Прошло уже много времени, после того как мы покинули подвал, а там все еще раздавался громкий смех. Неужто американцы подумали, что мы шутили?

Но теперь Герт принялся меня расспрашивать: – Ну, откуда ты все это узнал? Ты так просто пришел к этим янки, как будто тебя полностью проинформировали. Честно говоря, я вообще ничего не знал. Стресс, давление времени, которое приготовили нам американцы, принудили меня просто подумать над теми сведениями, которые они нам сообщили до того. Я, в общем, блефовал. Злость на дилетантов в Пуллахе придала мне мужества.

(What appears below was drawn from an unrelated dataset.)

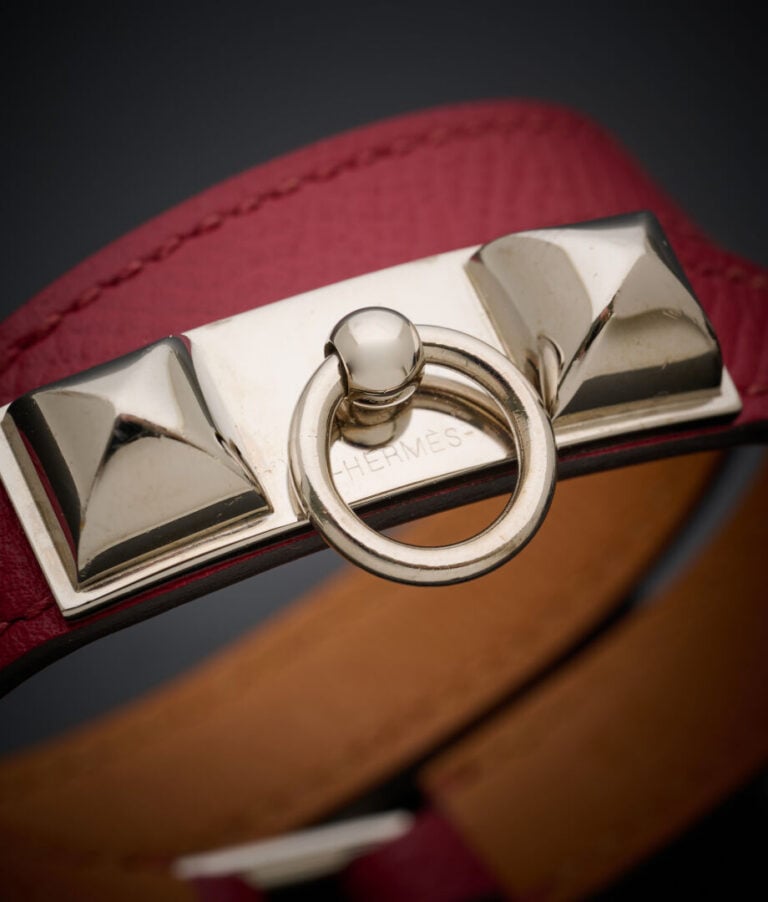 HERMES - BRACELET cuir bordeau double tour, modèle "Rivale" en métal à motifs d…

И, в конечном счете, это принесло мне уважение наших партнеров. В связи с этим мы узнали еще кое-что. Американцы хотели сотрудничать с нами, но сами были очень сдержаны, скрывая те сведения, которые узнали сами. Лишь когда они поверили, что мы знаем то же, что и они, они подтвердили все. Так они работали с нами все время и в дальнейшем.

Теперь как раз пришло время готовить нашу трудную миссию. Нам нужно было заняться Группой советских войск в Германии, которая теперь называлась Западной группой войск, сокращенно ЗГВ. Речь шла о самой мощной военной группировке развалившейся сверхдержавы, которая после возвращения домой должна стать основой российской армии. Хотя эти войска вроде бы считались элитой, на самом деле за все четыре года работы против них мы всегда сталкивались с армией разлагающейся, на стадии самоликвидации. В этом смысле с ней происходило то же самое, что и со всеми прочими остатками "славного Советского Союза".

В своих мемуарах последний главнокомандующий ЗГВ генерал-полковник Матвей Бурлаков перечисляет численный состав своих войск к моменту начала вывода: 546200 мужчин и женщин, из них 337800 военнослужащих, 4197 танков, 11500 БМП, БТР и прочих бронемашин, 3716 артиллерийских орудий и свыше 2,5 миллионов тонн различных материалов, четверть из которых составляли боеприпасы. Кроме того, 623 самолета, 615 вертолетов и почти сто тысяч машин. Русские вполне официально пользовались на Востоке свыше полутора тысячами земельных участков общей площадью 290 тысяч гектаров, при необходимости им была бы предоставлена дополнительно площадь вдвое, а то и втрое больше. Они образовывали государство в государстве, как правило, не подчиняясь законам и правилам ГДР. Большая часть контактов между немцами и русскими проходила лишь на высшем политическом и военном уровнях.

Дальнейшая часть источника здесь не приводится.